Getting Off (Lawrence Block) – yes, okay, the cover will have people on BART looking at you funny. I was expecting it to be okay but not great, and it was actually quite good. Not Eight Million Ways to Die good, but well worth a read. Kit, our heroine, has sex with men and then kills them, for reasons that make perfect sense to her. I was expecting this to turn into a cat-and-mouse game with a brave detective investigating the killings, but Block knows better than to pull that nonsense. One finds oneself torn between rooting for Kit and being creeped out.
The Book of Cthulhu (edited by Ross E. Lockhart) – a compendium of stories “inspired by” Lovecraft, which means it’s a very mixed bag. Some of the stories are really well-done (like Caitlin Kiernan, surprise surprise) and others appear to have been phoned in, or missed the point entirely.
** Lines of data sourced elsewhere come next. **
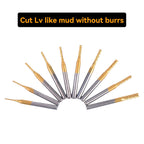 10 Piece Set of Titanium Coated Hard Alloy CNC milling Cutter Set - Multifunctional Drill bit Suitable for Carving, Drilling, and milling, Diameter ranging from 0.8 mm to 3.17 mm (1/8 inch Shank)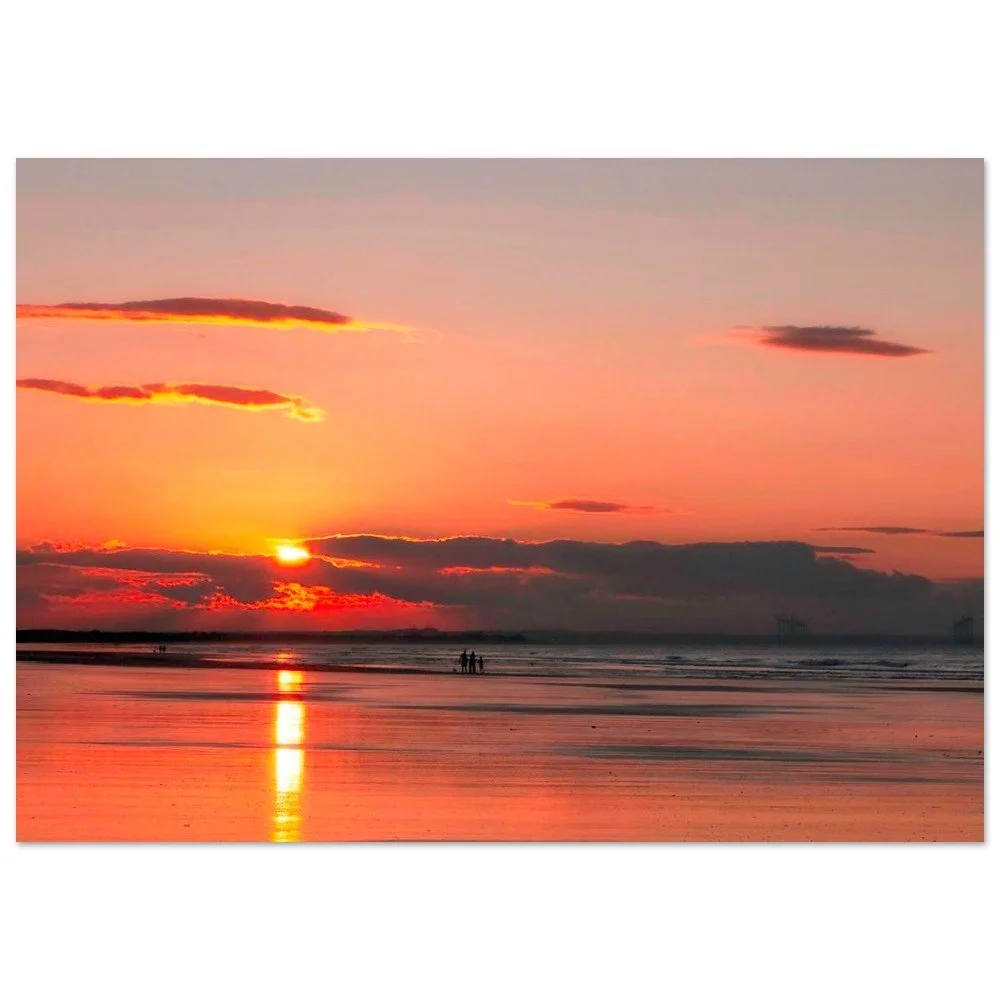 Golden Orange Beach Sunset Art Print – Vivid Giclée Poster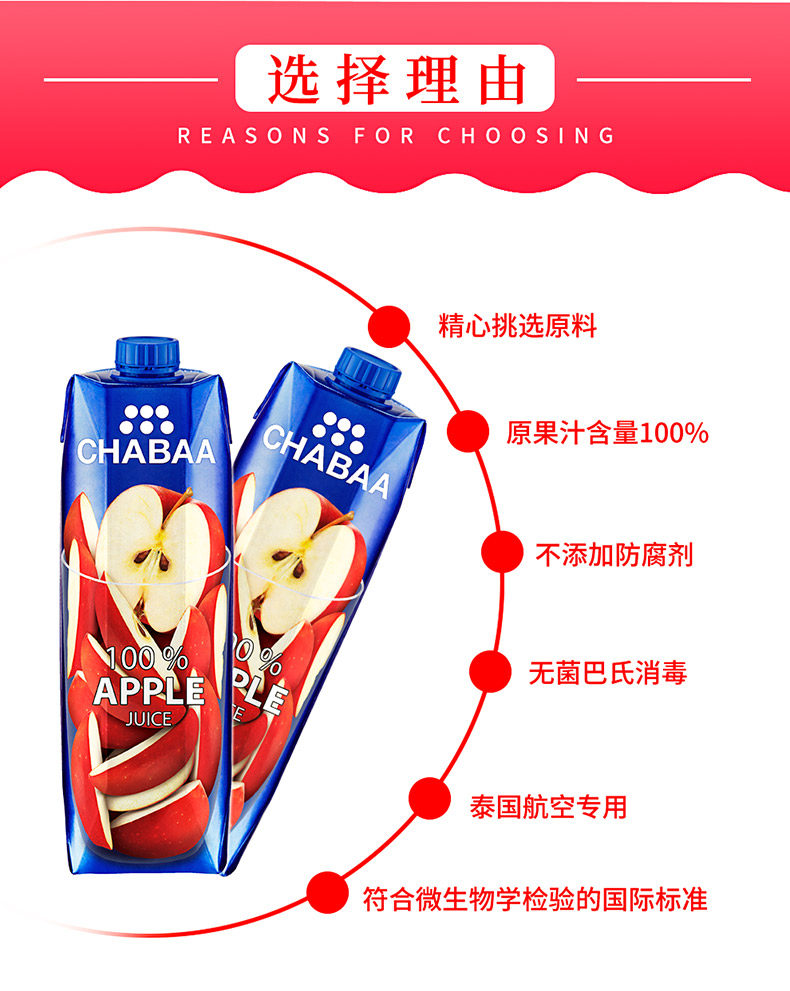 临期特价 泰国航空专用 CHABAA 100%果汁 1Lx2盒 图2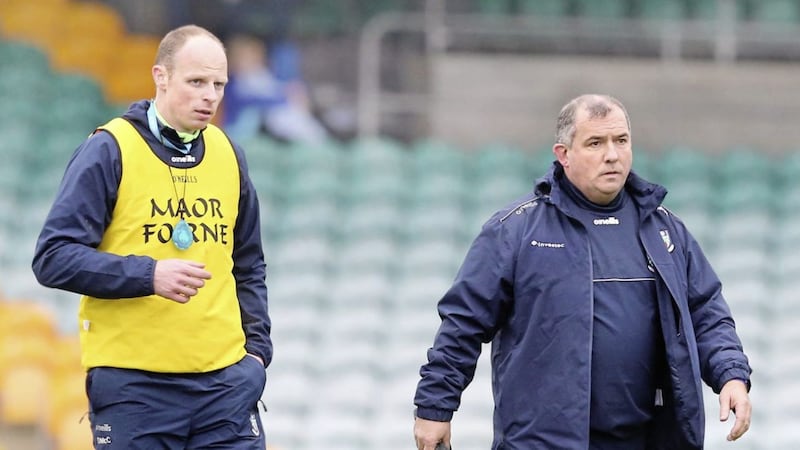 Monaghan coach David McCague insists the Fareny management team are well equipped to manage in the absence of manager Seamus McEnaney, who is currently suspended from the sidelines following a breach of Covid-19training regulations. Picture by Margaret McLaughlin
How Not to Write a Screenplay (Denny Martin Finn) – on the first page, the author lays out for us that he’s not a screenwriter; he’s the reader. Therefore, as the person who is going to help decide whether your screenplay is rejected or not, he has a great deal of advice on what works and what doesn’t, what used to be in screenplays that is left out, and he compares crappy screenplays (with the serial numbers filed off) with really good writing from actual moves. I found this very interesting from a non-screenwriter perspective because it has very useful information about what goes into a novel that doesn’t belong in a screenplay, and possibly vice versa. The Arcanum, I’m looking at you, damn it.
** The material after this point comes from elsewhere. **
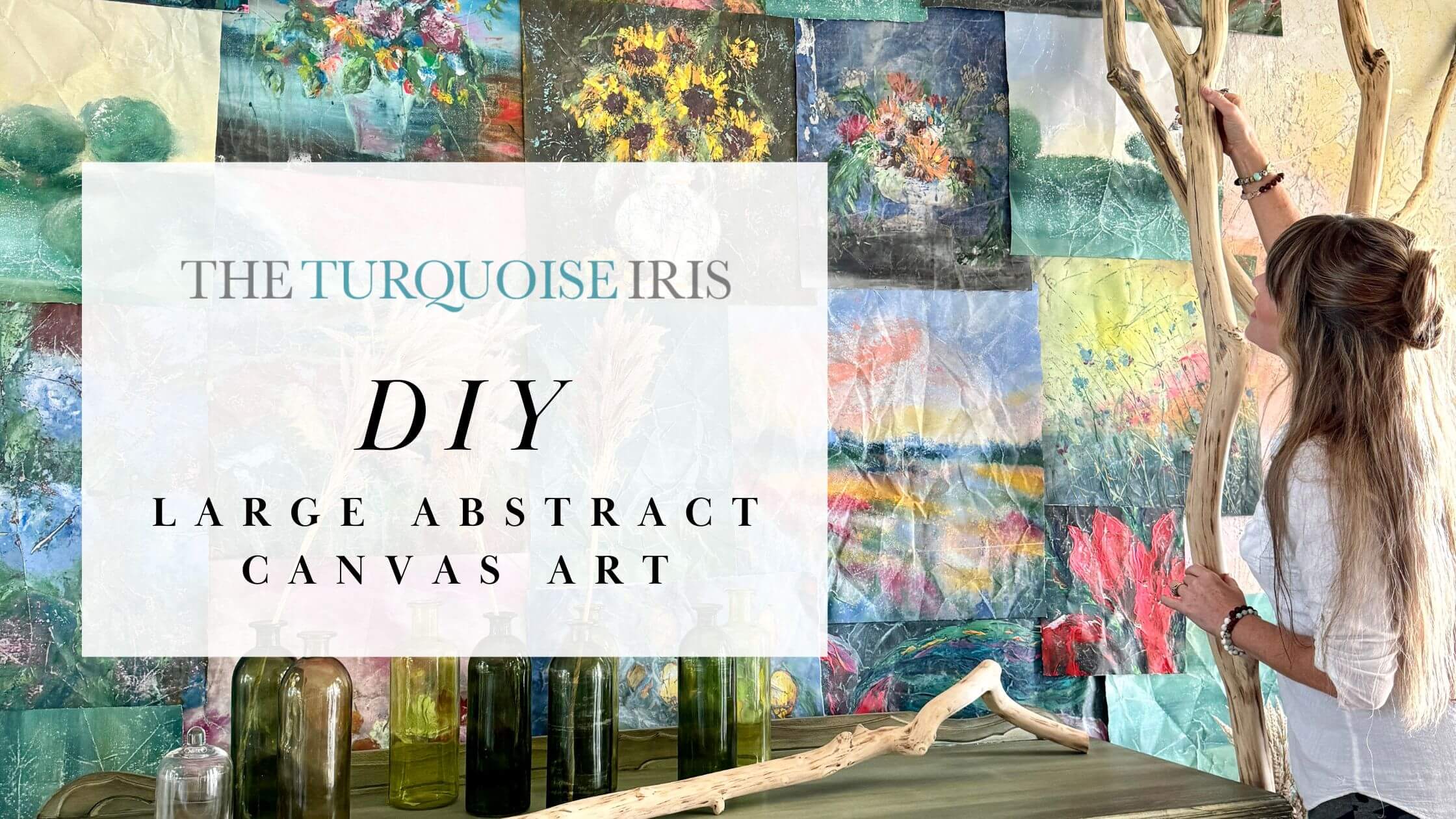 DIY Large Abstract Canvas Art • The Turquoise Iris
Art History: A Very Short Introduction (Dana Arnold) – good grid, I love the Very Short Introduction series. The books are small enough to be portable, Oxford gets actual experts to write them, and you can feel especially smart. Instead of reading a “Dummies” book you can pretend you’re reading “Dummies for Very Intelligent People with Little Spare TIme”. This is a good overview of the discipline of art history and approaches to the history and curation of art, and if a Philistine like me can understand it, it should be perfectly adequate for you.